==== Supplied entries ====

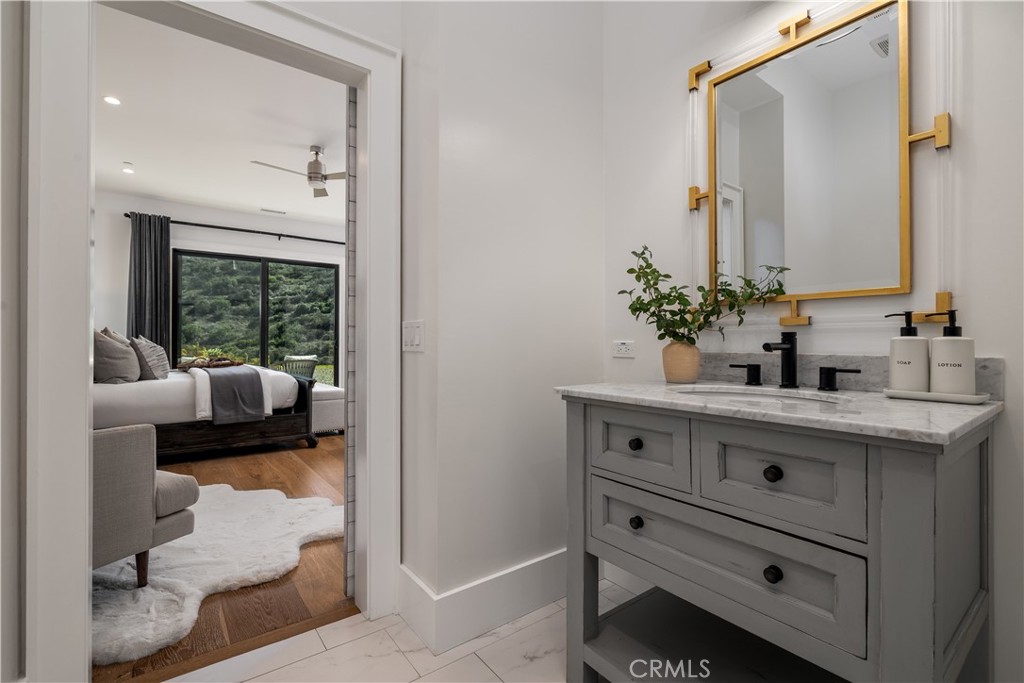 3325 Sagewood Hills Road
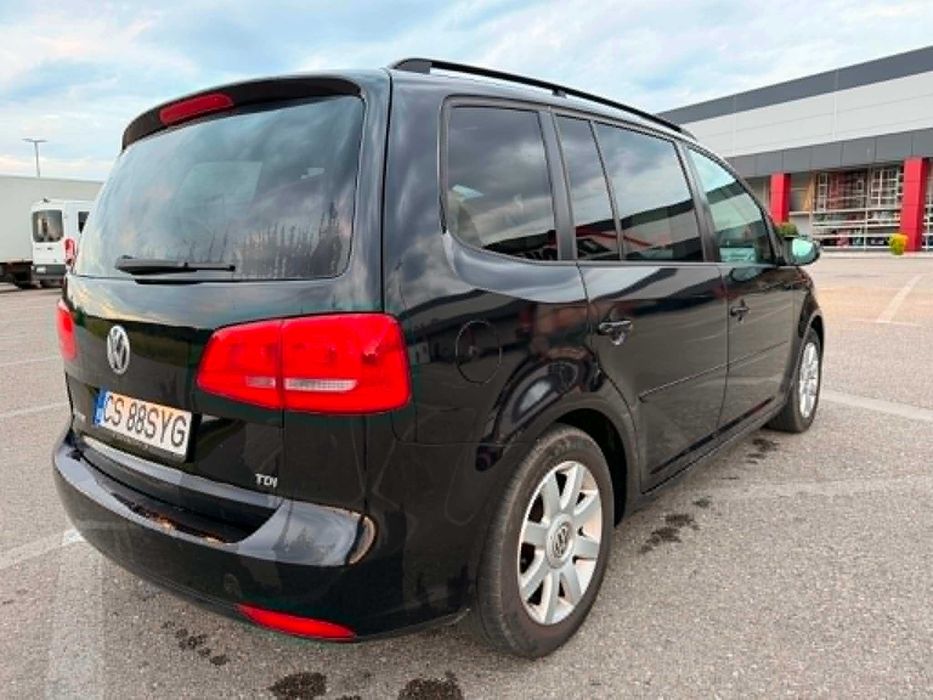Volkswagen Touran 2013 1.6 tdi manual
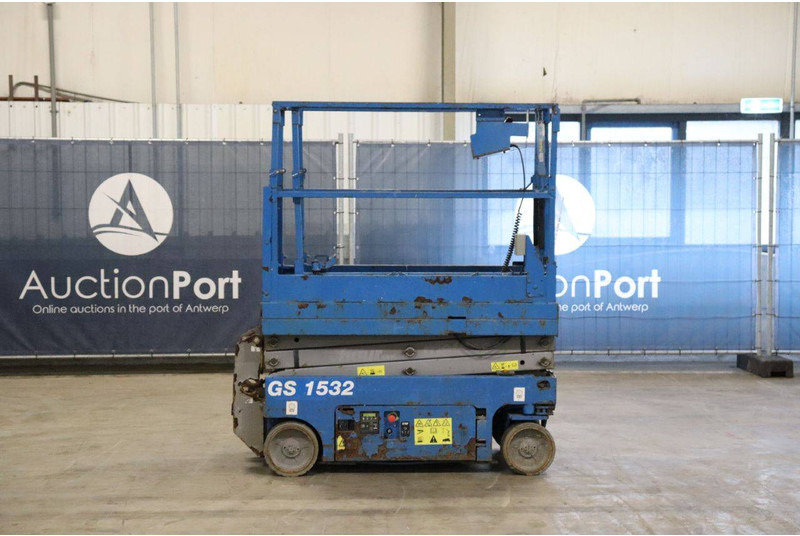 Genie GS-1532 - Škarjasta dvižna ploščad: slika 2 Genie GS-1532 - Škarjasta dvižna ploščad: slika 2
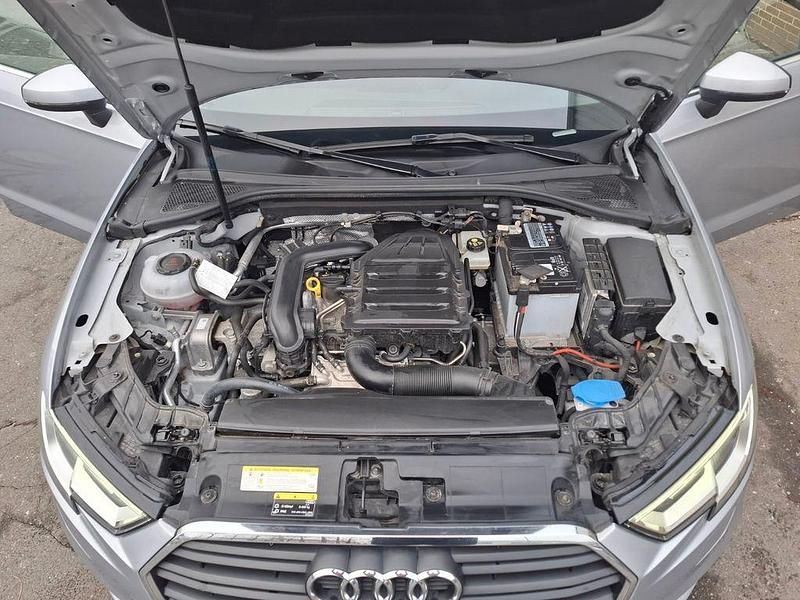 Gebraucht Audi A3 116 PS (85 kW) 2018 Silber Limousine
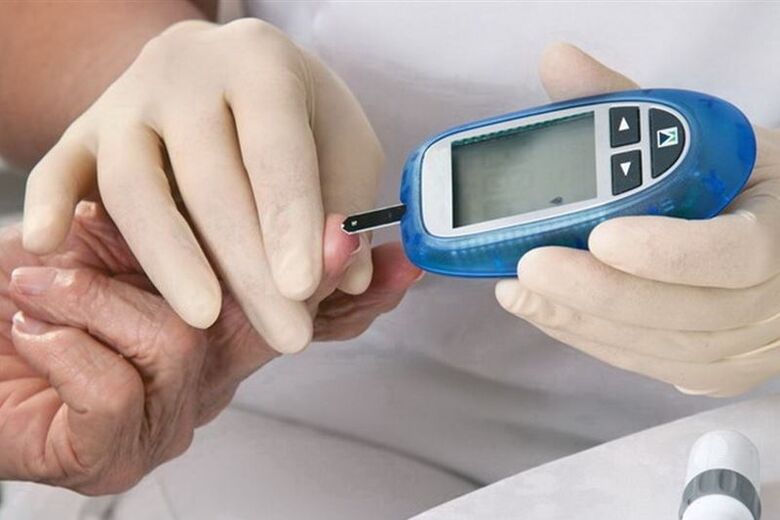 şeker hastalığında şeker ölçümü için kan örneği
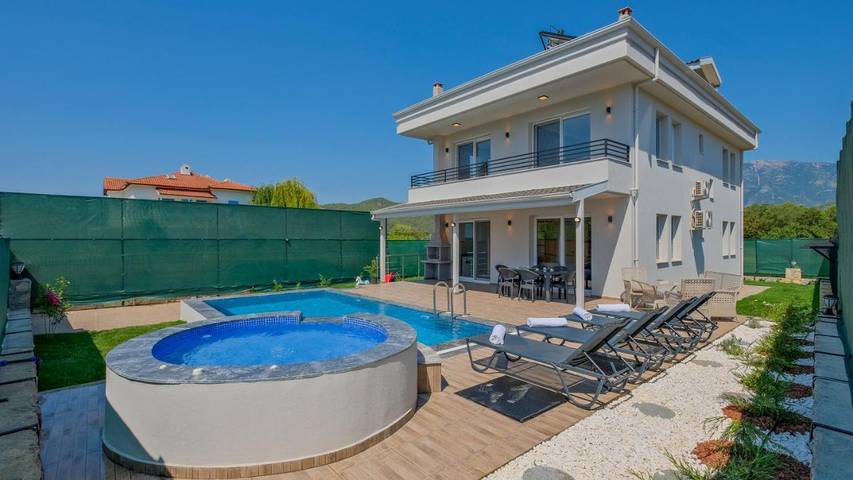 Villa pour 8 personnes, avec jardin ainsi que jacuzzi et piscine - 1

====

> Work required
Please repeat the data above exactly as it appears, pictures excluded.

> Result
 3325 Sagewood Hills Road
Volkswagen Touran 2013 1.6 tdi manual
 Genie GS-1532 - Škarjasta dvižna ploščad: slika 2 Genie GS-1532 - Škarjasta dvižna ploščad: slika 2
 Gebraucht Audi A3 116 PS (85 kW) 2018 Silber Limousine
 şeker hastalığında şeker ölçümü için kan örneği
 Villa pour 8 personnes, avec jardin ainsi que jacuzzi et piscine - 1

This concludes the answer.